• EXERCISE:
Give back the data exactly, with no images.

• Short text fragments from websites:
--- START ---
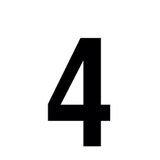 Chiffre adhésif 4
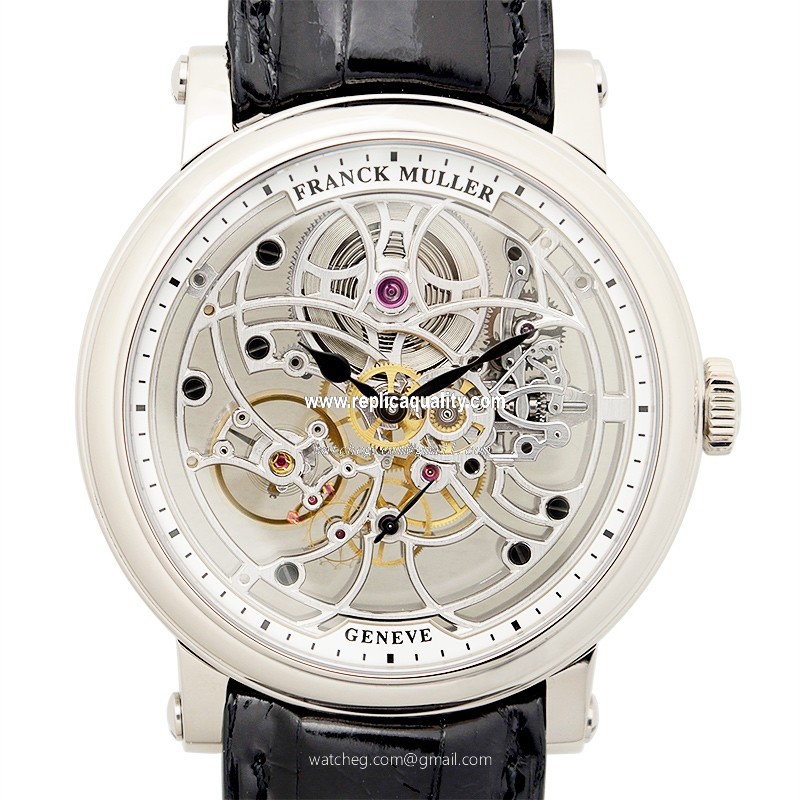 Franck Muller 7 DAYS POWER RESERVE SKELETON 7045 B S6 SQT (OG) Manual Wind Stainless Steel Transparent Skull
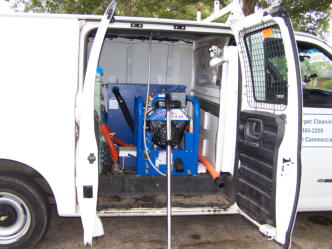 Jerry's Carpet Cleaning has fully equipped trucks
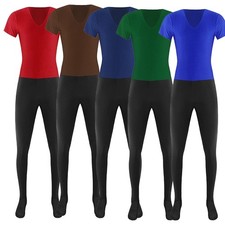 DE Herren Body Overall Kurzarm Bodysuit Einteiler Sport Jumpsuit mit Strumpfhose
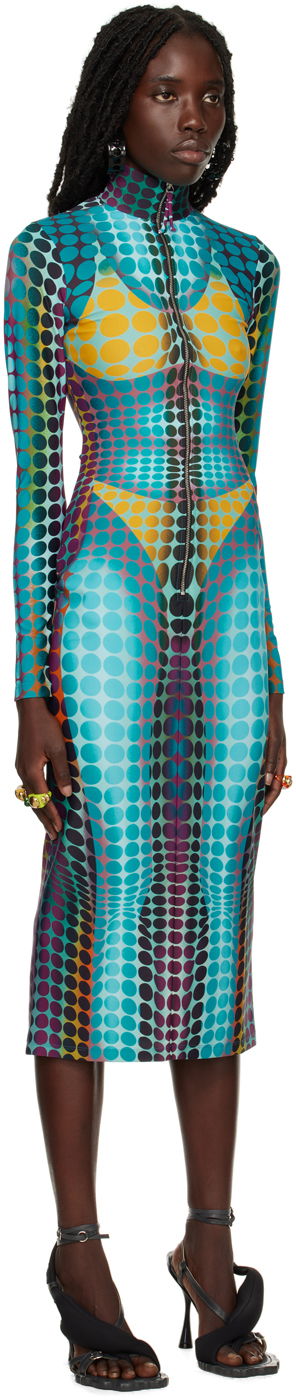 Šaty Jean Paul Gaultier Jean Paul Gaultier Dots Print Midi Dress Rôznofarebný | 22/09-F-RO026-J512, 1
--- END ---
• EXERCISE OUTPUT:
 Chiffre adhésif 4
 Franck Muller 7 DAYS POWER RESERVE SKELETON 7045 B S6 SQT (OG) Manual Wind Stainless Steel Transparent Skull
 Jerry's Carpet Cleaning has fully equipped trucks
 DE Herren Body Overall Kurzarm Bodysuit Einteiler Sport Jumpsuit mit Strumpfhose
 Šaty Jean Paul Gaultier Jean Paul Gaultier Dots Print Midi Dress Rôznofarebný | 22/09-F-RO026-J512, 1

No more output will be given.